Task prompt:
Return the listing that follows exactly, with no pictures included.
** Opening Available data block **
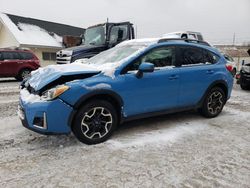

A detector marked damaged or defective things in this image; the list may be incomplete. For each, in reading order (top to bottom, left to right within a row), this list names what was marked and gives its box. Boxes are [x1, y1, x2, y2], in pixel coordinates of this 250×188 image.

damaged front bumper [18, 96, 73, 134]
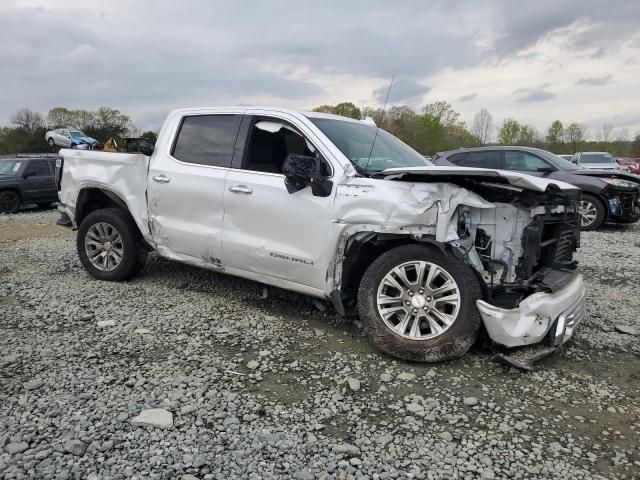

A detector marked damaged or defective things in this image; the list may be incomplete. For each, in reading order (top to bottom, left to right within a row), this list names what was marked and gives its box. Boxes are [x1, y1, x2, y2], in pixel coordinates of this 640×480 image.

broken body panel [57, 107, 588, 352]
crumpled hood [380, 165, 580, 193]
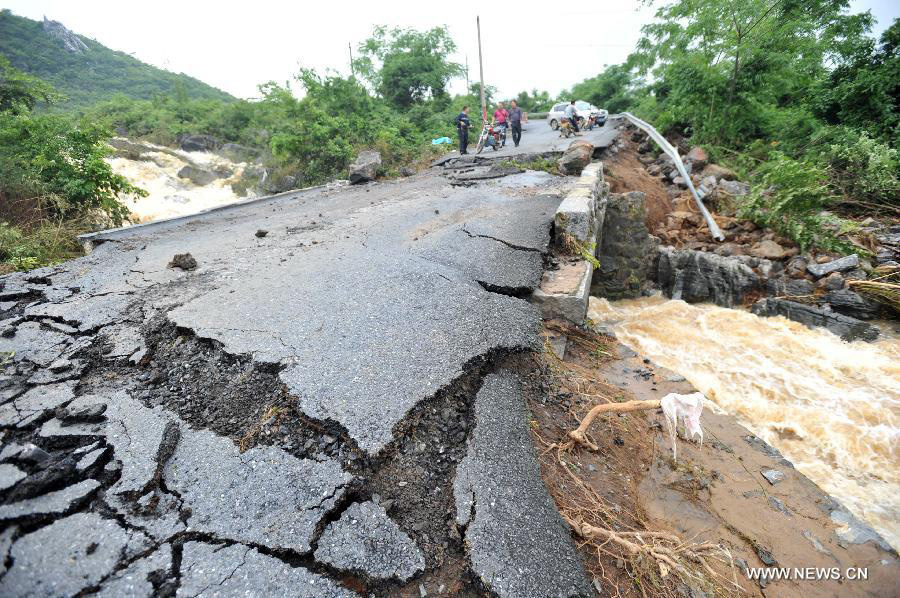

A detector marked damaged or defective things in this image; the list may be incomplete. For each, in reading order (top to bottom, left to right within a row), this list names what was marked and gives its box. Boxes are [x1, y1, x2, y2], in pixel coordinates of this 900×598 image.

large crack in pavement [1, 165, 604, 598]
cracked asphalt road [0, 125, 620, 596]
bent metal guardrail [608, 112, 728, 244]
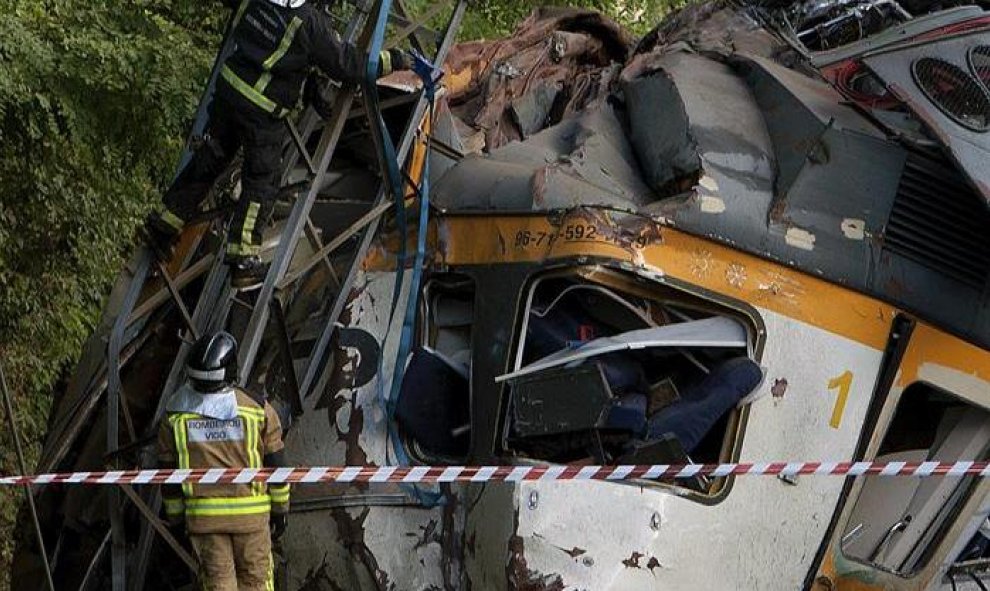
** Closing Available data block **
Solved problem:
A detector marked damaged or defective things in this image; the list may be incomplete. For each, in reading order (top to bottom, left to right within a row), this list names what was marked and gives its box. Boxes are [x1, y1, x2, y2], in pixel coordinates of this 250×188 image.

damaged front bumper [18, 96, 73, 134]

A detector marked damaged or defective things in this image; the list may be incomplete. For each, in reading order (top to bottom, left to right within a row), this list names what was marked and gives its box. Boxes are [x1, y1, x2, y2], in pixel coordinates of this 640×480 image.

broken body panel [57, 107, 588, 352]
crumpled hood [380, 165, 580, 193]

A detector marked damaged or defective things in this image; the list may be incomplete. For each, in reading order (top to bottom, left to right within a row), this list names what was marked and gives its box. Boxes are [x1, y1, x2, y2], in pixel coordinates of this 900×598 image.

large crack in pavement [1, 165, 604, 598]
cracked asphalt road [0, 125, 620, 596]
bent metal guardrail [608, 112, 728, 244]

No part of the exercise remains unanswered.